April 3, 2002 | News Releases on Middle East
WASHINGTON, Apr. 3, 2002-"The current spasm of Israeli-Palestinian violence is the logical conclusion of Yasser Arafat's dual policy of talking about peace while preparing for war. For many years now, Arafat has paid lip service to peace negotiations in English, while calling in Arabic for a jihad, or holy war, to liberate Jerusalem.
"Since September 2000, Arafat has stepped up the violence. Official Palestinian media have incited Palestinians to riot, and Arafat's own group, Fatah, has joined Hamas and Palestine Islamic Jihad in launching suicide bombings against Israeli civilians.

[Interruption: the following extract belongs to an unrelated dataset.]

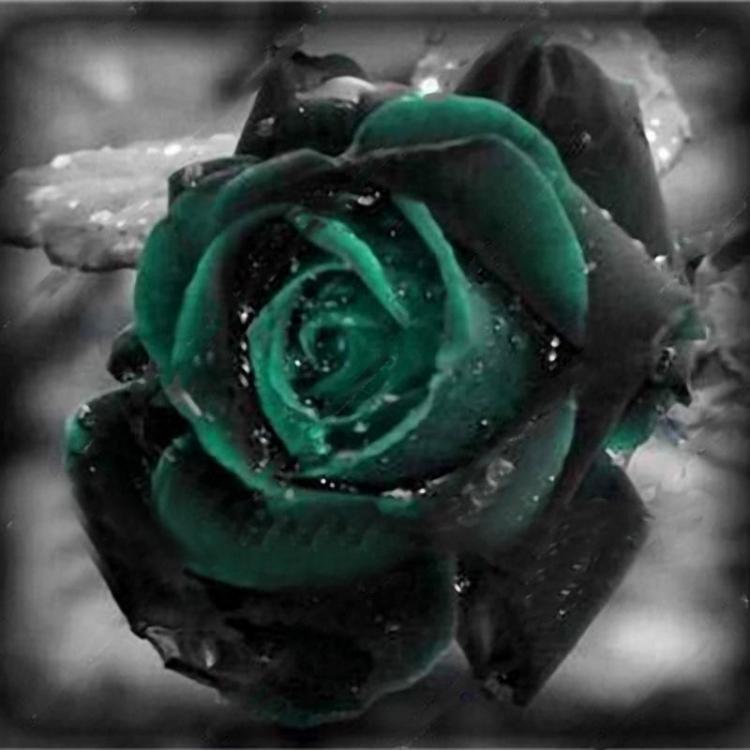 shopping גינה וגנים Egrow 100 Pcs Black Rose Seeds Dark Green Rose Garden Bonsai Perennial Plants Flower Seed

"As long as Arafat continues to believe that terrorism advances his cause, there is little the United States can do to stop the violence, let alone jump-start peace negotiations that were derailed by Palestinian violence. The Bush Administration cannot save Palestinians from bad leadership.

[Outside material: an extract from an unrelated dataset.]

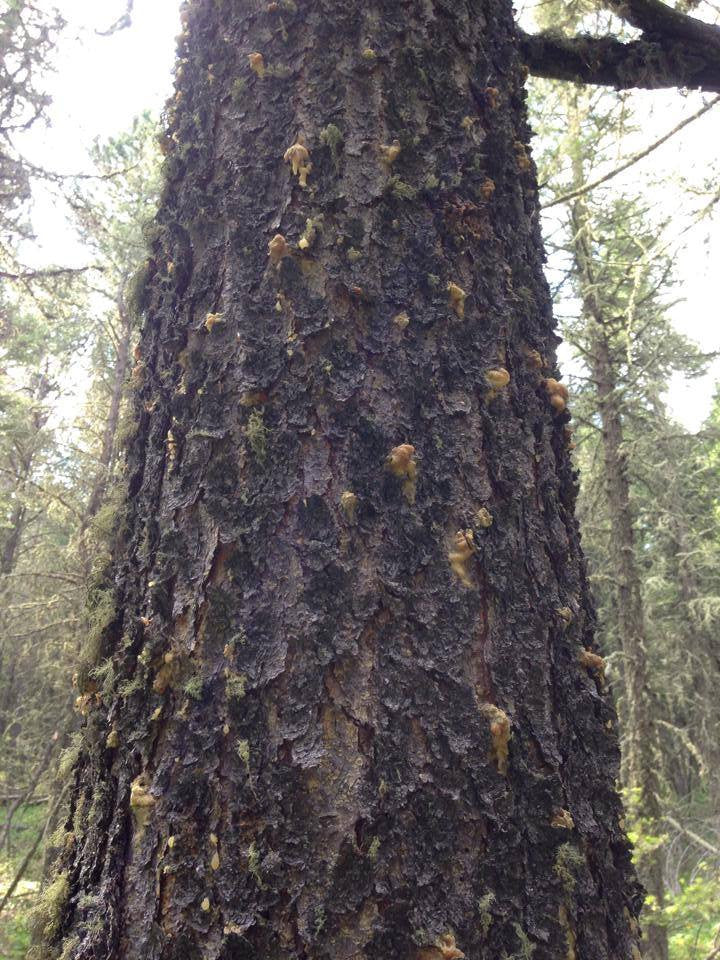 SPLAT Verb Caulking tube for Mountain Pine Beetle - ISCA Technologies
 - 4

"As long as Arafat remains the leader of the Palestinians, there is no chance of a genuine peace. He has a long history of terrorism, which he has used to cement his control over the Palestinians, to attack Israel, and to attack other Arabs, particularly in Jordan in the 1970s and Lebanon in the 1980s. He was expelled by the Jordanians after he tried to overthrow King Hussein. He was expelled from Lebanon in 1982 after he used Palestinian refugee camps as bases for cross-border terrorist attacks against Israel. Nobody should be surprised that he has returned to terrorism after gaining a foothold in the Palestinian territories.
"By negotiating the 1993 Oslo Accord, the Israelis gambled that Arafat was ready to renounce terrorism and seek a genuine peace. That gamble has failed. Arafat is clearly a large part of the problem-not the solution. He already has been given numerous opportunities to end his policy of violence and return to negotiations. But he has spurned repeated American efforts to resolve the crisis: the Mitchell Plan, the Tenet Plan, and three diplomatic missions by General Zinni.
"It's time for the United States to abandon the wishful thinking that has allowed Arafat to continue his double game. It should encourage Israel to expel Arafat and shun him in exile. The only hope for peace in the long run is for a new generation of Palestinian leaders to realize that Arafat's cynical dual policy of negotiating via terrorism will not earn Palestinians a state, but will only assure continued misery."